▶ _EXERCISE GOAL_
Omit all pictures, and print word for word only the lines from the one containing "Don't Say Desantis LGBTQ Pride Gift Shirt" through the end of the data.

▶ _PROVIDED MATERIAL_

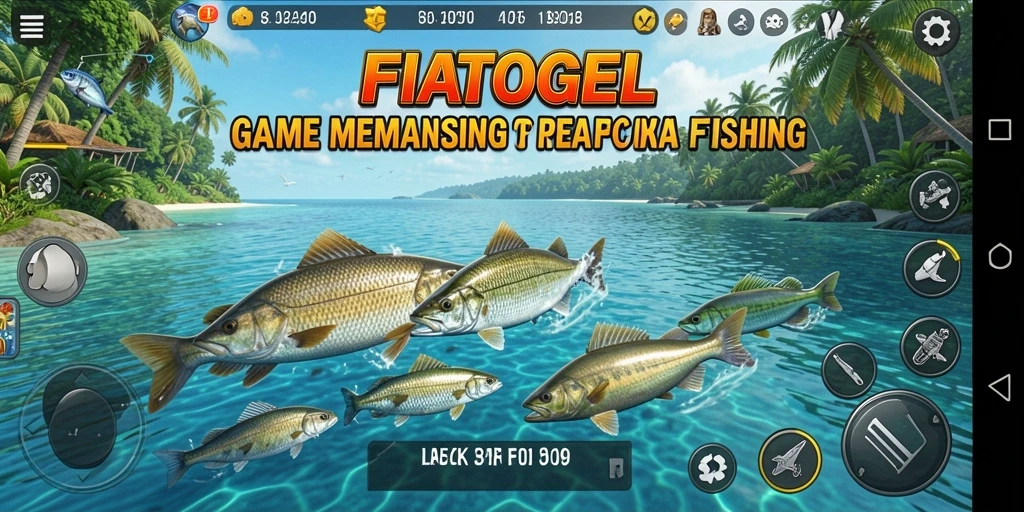 Tampilan gameplay <strong>FIATOGEL</strong> yang seru saat menangkap ikan di laut.
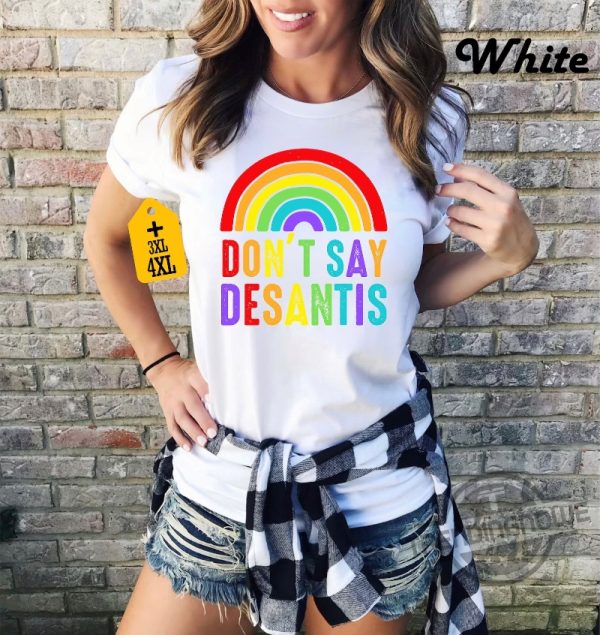 Don't Say Desantis LGBTQ Pride Gift Shirt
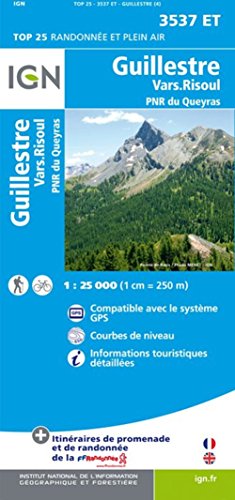 Guillestre / Vars Risoul / PNR du Queyras 2014: IGN.3537ET by (Map)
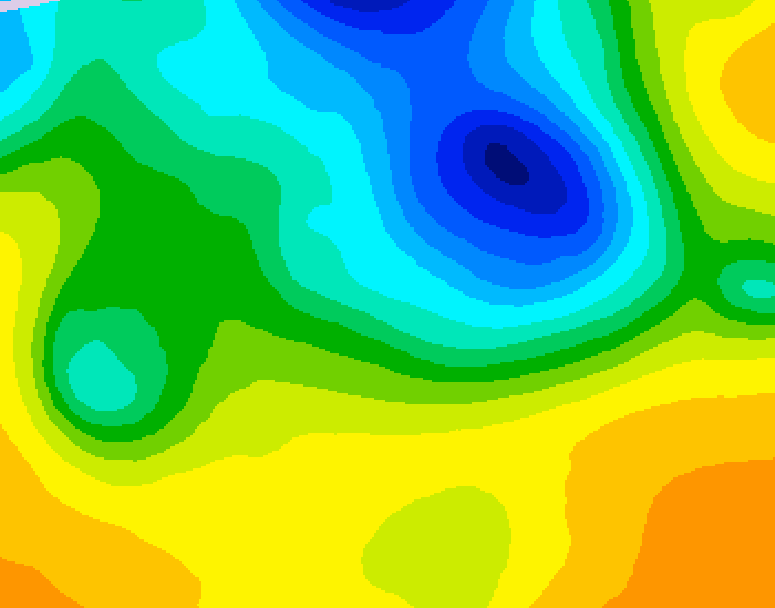 GDPS 500 millibar geopotential height 228 hour forecast chart for Canada based on 2025/05/02 0000Z data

▶ _WRITTEN REPLY_
 Don't Say Desantis LGBTQ Pride Gift Shirt
 Guillestre / Vars Risoul / PNR du Queyras 2014: IGN.3537ET by (Map)
 GDPS 500 millibar geopotential height 228 hour forecast chart for Canada based on 2025/05/02 0000Z data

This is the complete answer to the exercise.